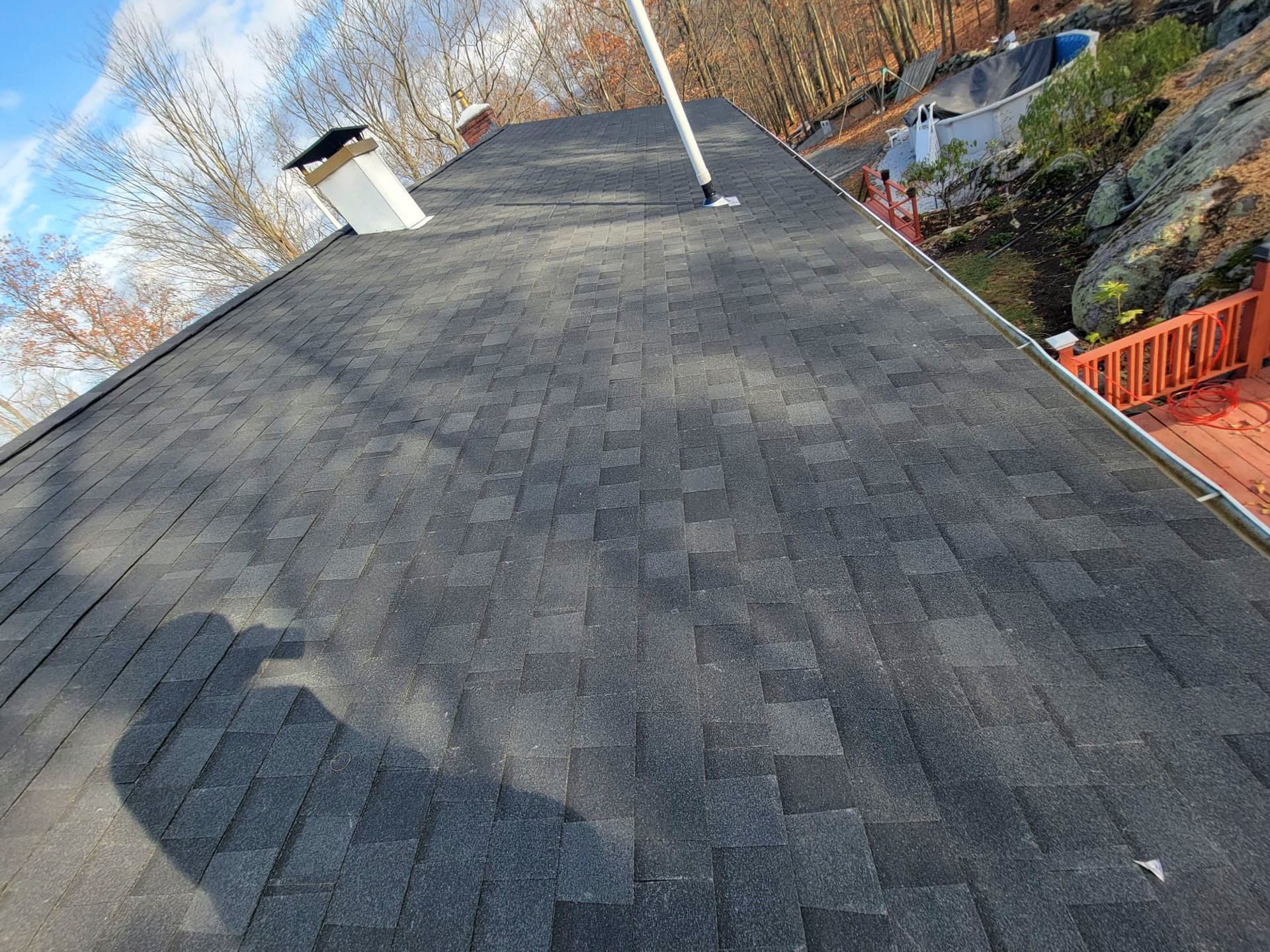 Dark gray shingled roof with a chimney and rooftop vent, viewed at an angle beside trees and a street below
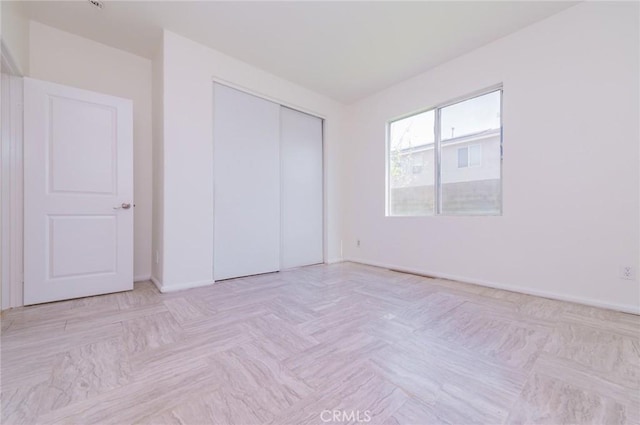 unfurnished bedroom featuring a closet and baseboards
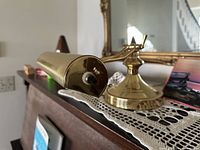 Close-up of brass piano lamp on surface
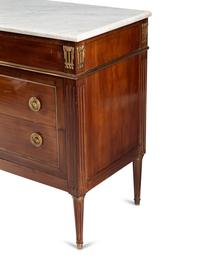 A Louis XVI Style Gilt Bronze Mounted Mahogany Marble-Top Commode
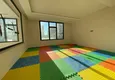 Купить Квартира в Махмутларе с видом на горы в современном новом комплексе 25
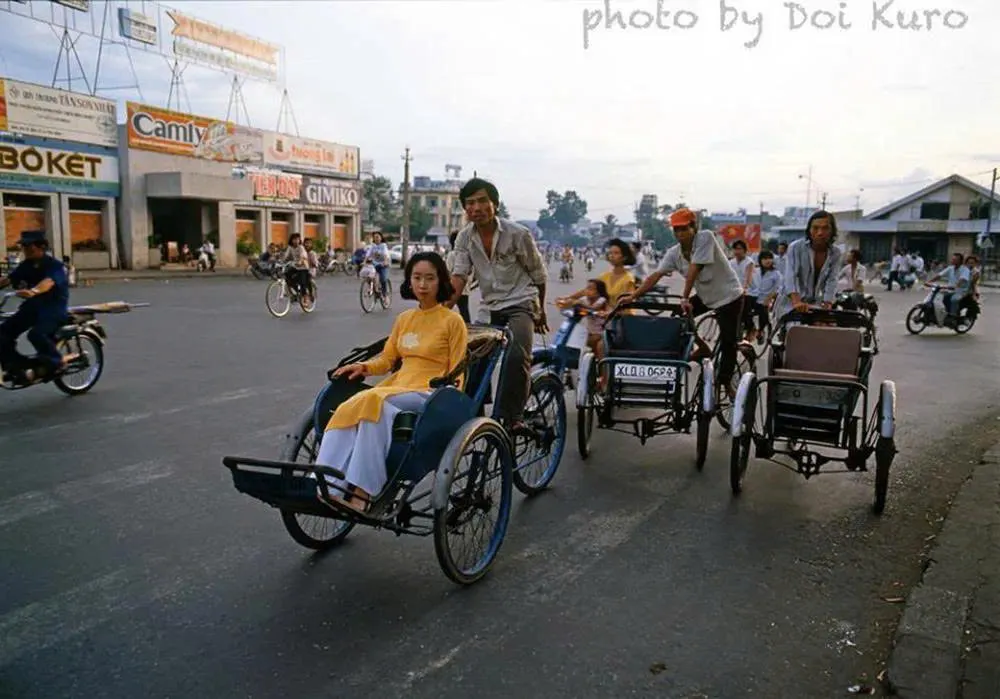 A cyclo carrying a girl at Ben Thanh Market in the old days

---

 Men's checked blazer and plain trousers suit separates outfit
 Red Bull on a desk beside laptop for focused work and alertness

--

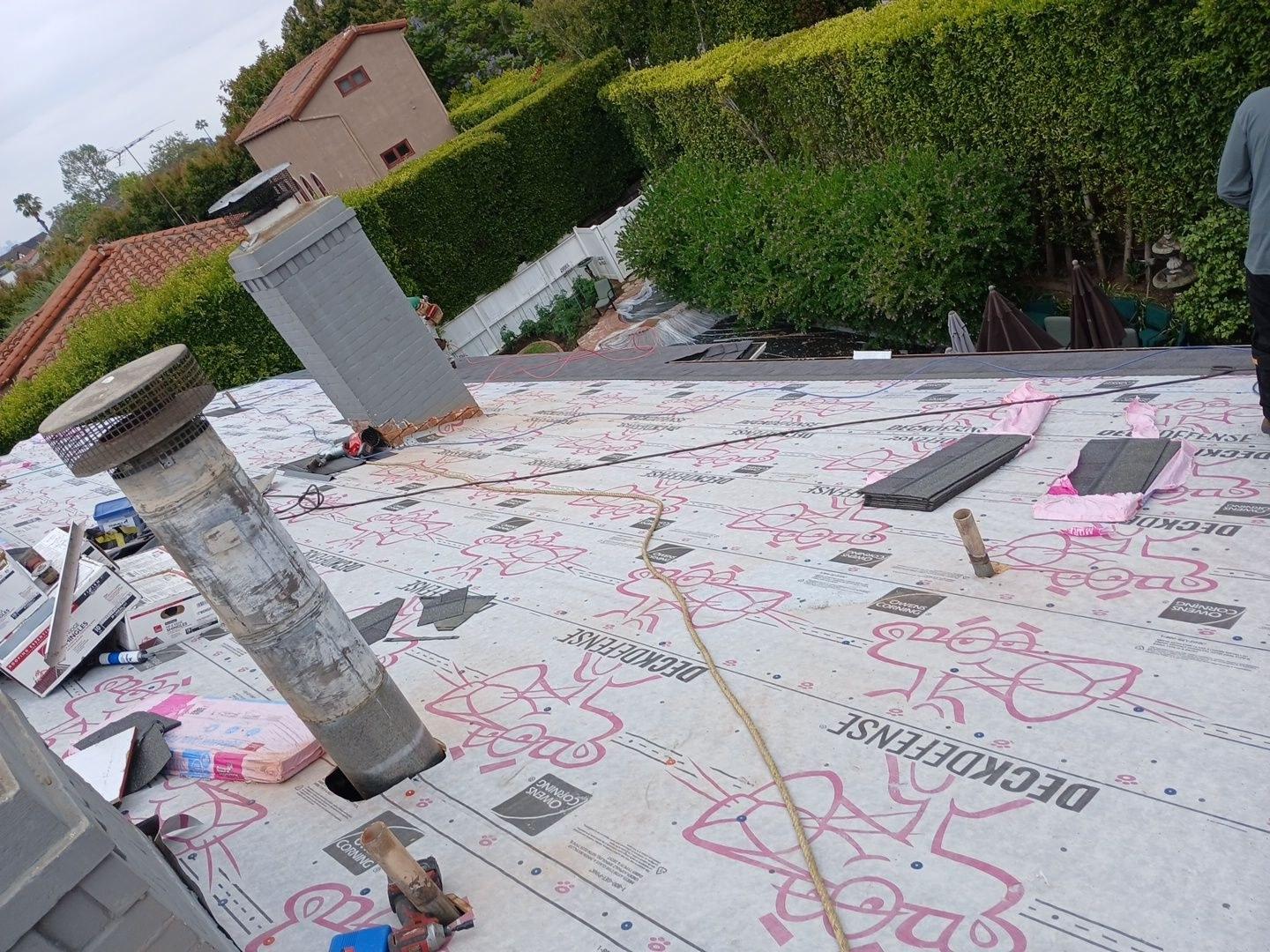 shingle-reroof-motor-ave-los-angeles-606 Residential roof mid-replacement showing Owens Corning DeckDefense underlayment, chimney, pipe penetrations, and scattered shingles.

WHAT THE EXERCISE ASKS: Retype only the lines above between the line with "Men's checked blazer" and the line with "Red Bull on", counting those two lines as well, and keep every character as it is.

ANSWER BELOW:
 Men's checked blazer and plain trousers suit separates outfit
 Red Bull on a desk beside laptop for focused work and alertness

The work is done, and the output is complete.